Portanto, de um lado, a santidade como completude e, de outro, a santidade como verdade, como não-mentira, como condenação da mentira.
Todo o resto, que tocamos também esta manhã, vai dentro de um caldeirão que só essa santidade faz ferver. Só a palavra santidade cumpre, e só ela contradiz a posição de negação, de mentira: a santidade como completude e a santidade como eliminação da mentira na nossa vida.
O que o Senhor me faz sentir nestes tempos, e que encontrou nessa deixa do Apocalipse a sua explicação, essa redução a algumas palavras que fiz de todo o “negócio” é a única explicação, em si, que nós podemos dar, e que, como vento, pode levar nossa barca a uma velocidade sem par pelos mares do mundo.
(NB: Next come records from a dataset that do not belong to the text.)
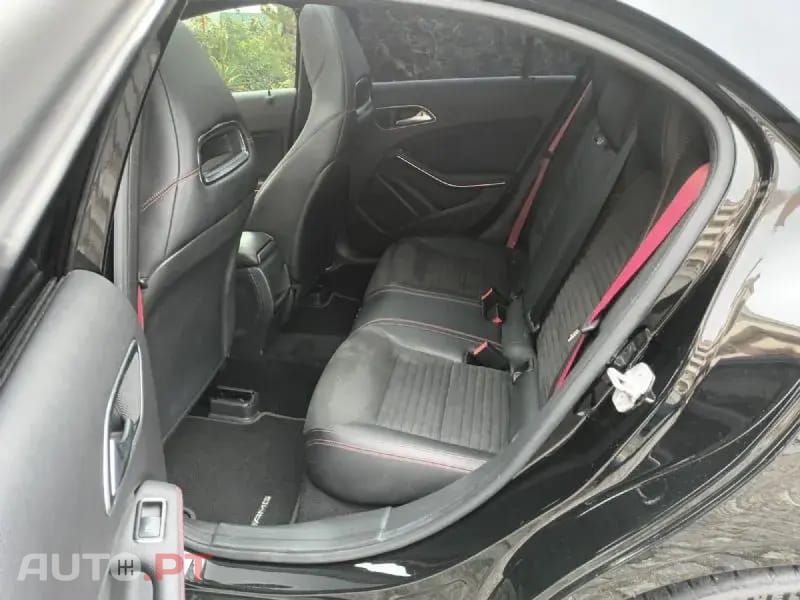 Mercedes-Benz A 45 AMG 4-Matic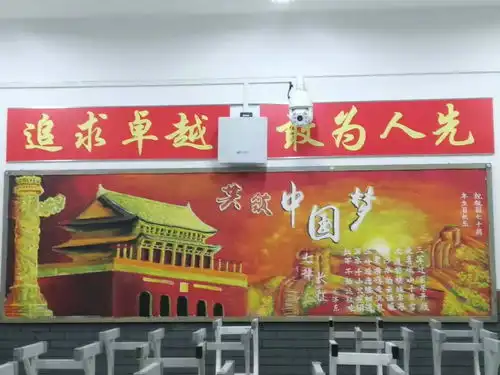 走进高中教室,书桌后的黑板报真是太抢眼,00后化身艺术大师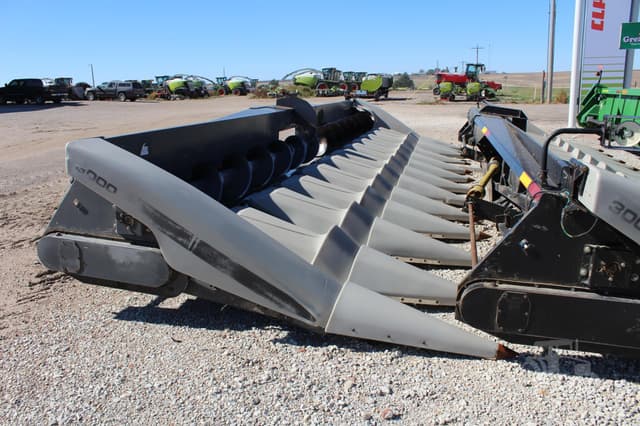 Image of Gleaner 1230 equipment image 3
Mas, concluindo meu pensamento, digo: “Sim, é preciso então que alguém dê sua resposta ao ‘Vem’, ‘Sim, vem’, ou então ‘Não’”. Só isso.
Espero que vocês me ajudem a entender melhor, a entender bem, a entender de maneira perfeita o que o Senhor me diz segundo a forma como coloquei as coisas agora. Vieram-me à mente outras coisas que poderiam ser ditas, mas espero poder dizê-las uma outra vez. Até a próxima.